A side note on packet corruption/loss: it should be very rare in this configuration, but still if it happens, delays in the transmission could be encountered. Then the application would have to be designed to detect the very rare delays, treat them as a form of soft link failure and recover from it.

Indeed we've found that the behavior of the Solaris 10 TCP implementation has a lot to do in achieving bounded time transmissions. The rest of this entry explains what we've discovered, the configuration steps we took and how the TCP implementation would need to be adjusted to accommodate our requirements.

The architecture of the Solaris 10 TCP stack and its specificities is covered here.

Solaris uses an abstraction called an squeue.

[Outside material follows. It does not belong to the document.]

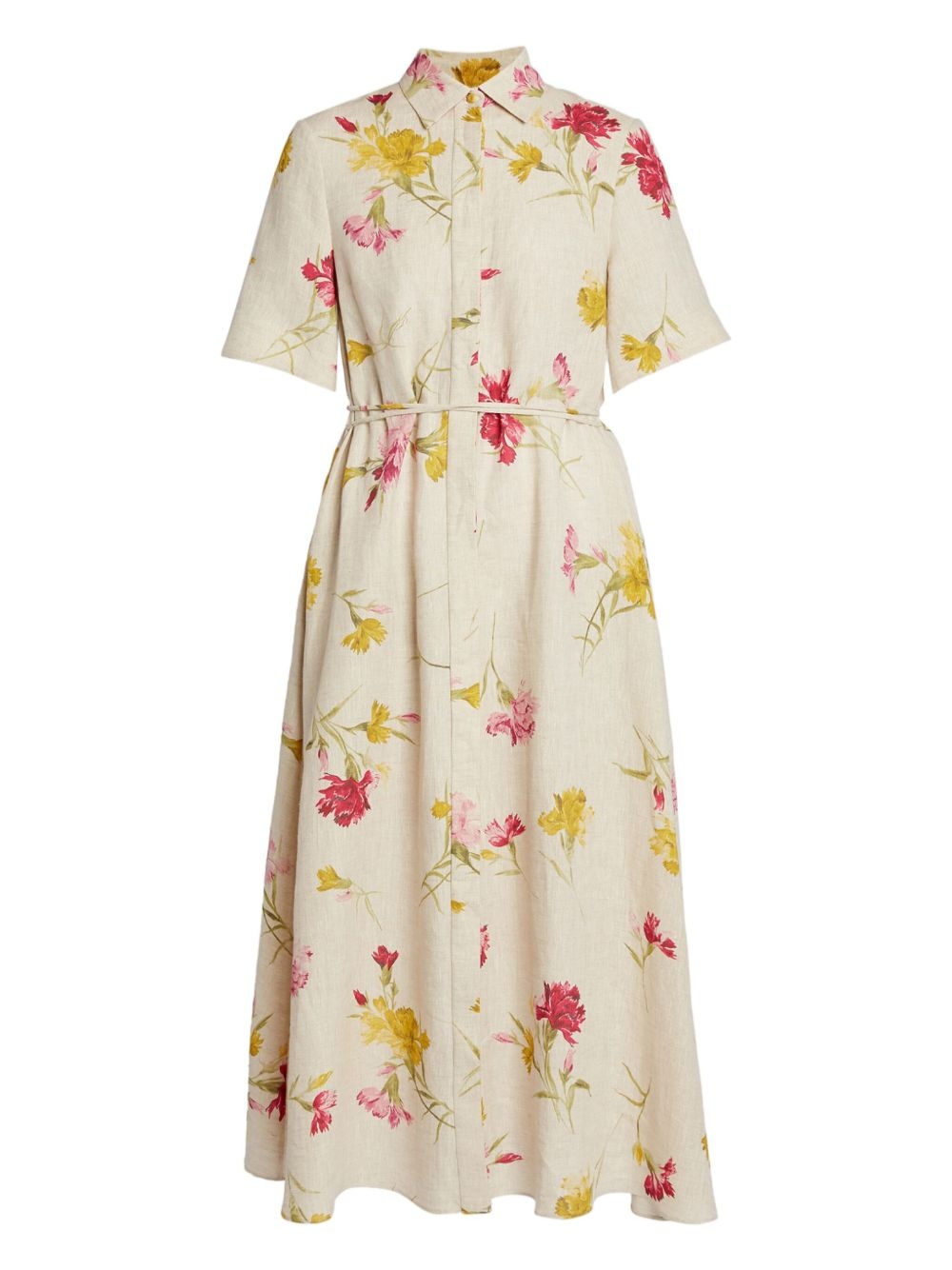 floral-print shirt dress - 1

As of Solaris 10, squeues are only used for TCP processing. There are several squeues statically created at boot time (one per processor at least). Some more can be created by the system depending on the load. A TCP connection is bound to a single squeue. A single squeue can be shared by many connections. The squeue acts as a serialization mechanism: processing on different squeues can proceed in parallel with several threads/on several cpus. Processing for a single squeue will only happen in a single thread at a time: having multiple threads work on a single TCP connection is known not to be efficient. This architecture targets efficiency for a massive number of connections spread across several squeues themselves handled by different cpus.

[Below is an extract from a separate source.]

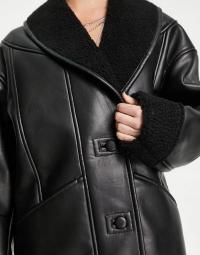 Urbancode NG7 gts czarny długi płaszcz kożuch oversize S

When some thread has work to do on a connection, it first retrieves the squeue associated with the connection. Then it needs to acquire ownership of the squeue and that can only happen if no other thread is already working on the squeue (and already acquired ownership of the squeue). If a thread succeeds in acquiring ownership of the squeue then it proceeds with the TCP work it has to do and, once done releases ownership of the squeue. If grabbing the squeue fails, rather than waiting for the squeue to become available, the thread enqueues a work element in the squeue and moves on. The work elements will be processed in order later on.

A major determinism problem that we've seen repeatedly occurs when the squeue is in use (for non deterministic TCP traffic) and work needs to be performed on the deterministic TCP connection. For instance, a RT thread wakes up, preempts a non RT thread that is doing some network processing and thus owns an squeue. The RT thread starts sending on a TCP connection, it needs the TCP connection's squeue which happens to be the one owned by the non RT thread that it just preempted so it can't get it. A TCP work element is enqueued on the squeue for later processing and the RT thread continues its work.

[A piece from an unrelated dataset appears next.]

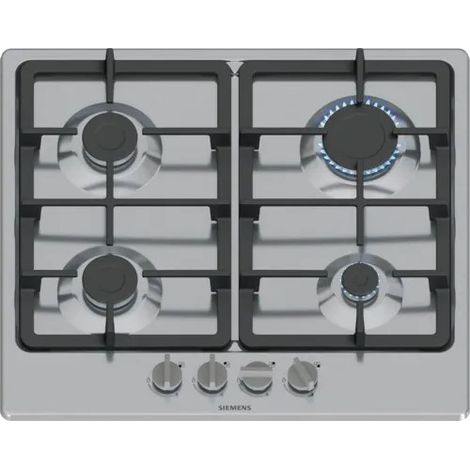Siemens EG6B5PK90. Colore del prodotto: Nero, Acciaio inox, Posizionamento dell'apparecchio: Da incasso, Dimensione della larghezza del piano cottura: 60 cm. Bruciatore piccolo: 1 W. Tipo di contro... (1/5)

The squeue will be drained sometime later and the work element will be processed either by:

  • some other thread that happens to do some TCP processing using the same squeue.
  • or an squeue worker thread: a thread running at system priority that is dedicated to the processing of one squeue and that is woken up when the squeue is not empty
  • or an interrupt thread for a network interface

Draining of an squeue was tuned for maximum out of the box overall throughput and is paced to achieve the best possible overall system behavior. One thread will be draining for no more than a few milliseconds, even if after that delay the squeue is not empty. An squeue worker thread will pause for a few milliseconds after some time draining and then only go back to draining: this keeps the system balanced and allows it to handle other tasks.

So here are the two problems as far as we are concerned:

  • TCP processing for a "deterministic" TCP connection may be handled by some thread at some unrelated non real-time priority causing a priority inversion
  • TCP processing for a "deterministic" TCP connection may be arbitrarily delayed by the pacing scheme

We've seen these cause delays of up to a few hundreds of milliseconds.

On a multi-core systems, one could maybe try to arrange for the deterministic connection to be bound to an squeue that is isolated on a core using a processor set. This requires a good understanding of how exactly one connection is bound to one particular squeue. This certainly does not work the same way on the machine where the application connects and on the machine where the application accepts the connection. Anyway, we were restricted to single cpu systems.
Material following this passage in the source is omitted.